The Battle of Giants: Causality vs NLP => From Theory to Practice

2023-04-19
talk

With an average of 3.2 new papers published on Arxiv every day in 2022, causal inference has exploded in popularity, attracting large amount of talent and interest from top researchers and institutions including industry giants like Amazon or Microsoft. Text data, with its high complexity, posits an exciting challenge for causal inference community. In the workshop, we'll review the latest advances in the field of Causal NLP and implement a causal Transformer model to demonstrate how to translate these developments into a practical solution that can bring real business value. All in Python!

Apache Arrow: connecting and accelerating dataframe libraries across the PyData ecosystem

2023-04-19
talk

Apache Arrow is a multi-language toolbox for accelerated data interchange and in-memory processing, and is becoming the de facto standard for tabular data. This talk will give an overview of the recent developments both in Apache Arrow itself as how it is being adopted in the PyData ecosystem (and beyond) and can improve your day-to-day data analytics workflows.

Behind the Scenes of tox: The Journey of Rewriting a Python Tool with more than 10 Million Monthly Downloads

2023-04-19
talk

tox is a widely-used tool for automating testing in Python. In this talk, we will go behind the scenes of the creation of tox 4, the latest version of the tool. We will discuss the motivations for the rewrite, the challenges and lessons learned during the development process. We will have a look at the new features and improvements introduced in tox 4. But most importantly, you will get to know the maintainers.

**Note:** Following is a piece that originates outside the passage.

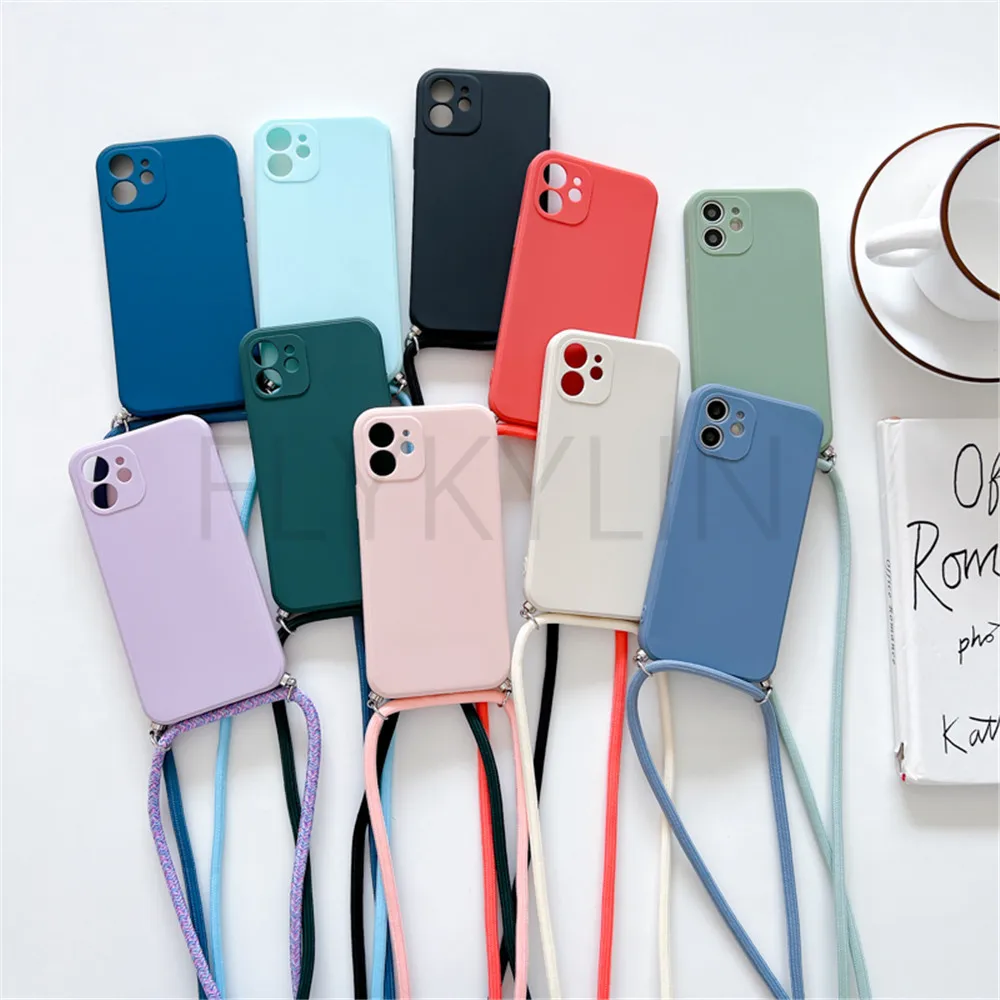 necklace lanyard soft silicone case for xiaomi 11 lite poco x3 pro nfc redmi note 10 8 9 pro 9s 8t 8 7 10s 9s 9t 9a phone cover free global shipping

Bringing NLP to Production (an end to end story about some multi-language NLP services)

2023-04-19
talk

Models in Natural Language Processing are fun to train but can be difficult to deploy. The size of their models, libraries and necessary files can be challenging, especially in a microservice environment. When services should be built as lightweight and slim as possible, large (language) models can lead to a lot of problems. With a recent real-world use case as an example, which runs productively for over a year and in 10 different languages, I will walk you through my experiences with deploying NLP models. What kind of pitfalls, shortcuts, and tricks are possible while bringing an NLP model to production?

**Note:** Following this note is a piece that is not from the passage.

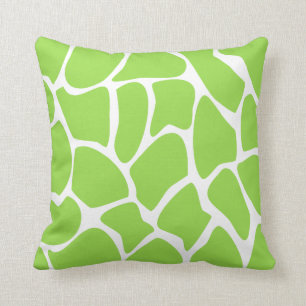 Coussin Motif d'impression de girafe en vert de chaux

In this talk, you will learn about different ways and possibilities to deploy NLP services. I will speak briefly about the way leading from data to model and a running service (without going into much detail) before I will focus on the MLOps part in the end. I will take you with me on my past journey of struggles and successes so that you don’t need to take these detours by yourselves.

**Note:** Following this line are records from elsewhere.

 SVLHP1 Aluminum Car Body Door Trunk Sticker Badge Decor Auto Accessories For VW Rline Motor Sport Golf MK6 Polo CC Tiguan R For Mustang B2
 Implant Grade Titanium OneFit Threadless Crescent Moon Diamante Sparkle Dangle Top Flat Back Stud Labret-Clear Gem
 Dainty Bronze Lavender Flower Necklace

Machine Learning Lifecycle for NLP Classification in E-Commerce

2023-04-19
talk

Running machine learning models in a production environment brings its own challenges. In this talk we would like to present our solution of a machine learning lifecycle for the text-based cataloging classification system from idealo.de. We will share lessons learned and talk about our experiences during the lifecycle migration from a hosted cluster to a cloud solution within the last 3 years. In addition, we will outline how we embedded our ML components as part of the overall idealo.de processing architecture.

You've got trust issues, we've got solutions: Differential Privacy

2023-04-19
talk

As we are in an era of big data where large groups of information are assimilated and analyzed, for insights into human behavior, data privacy has become a hot topic. Since there is a lot of private information which once leaked can be misused, all data cannot be released for research. This talk aims to discuss Differential Privacy, a cutting-edge technique of cybersecurity that claims to preserve an individual’s privacy, how it is employed to minimize the risks with private data, its applications in various domains, and how Python eases the task of employing it in our models with PyDP.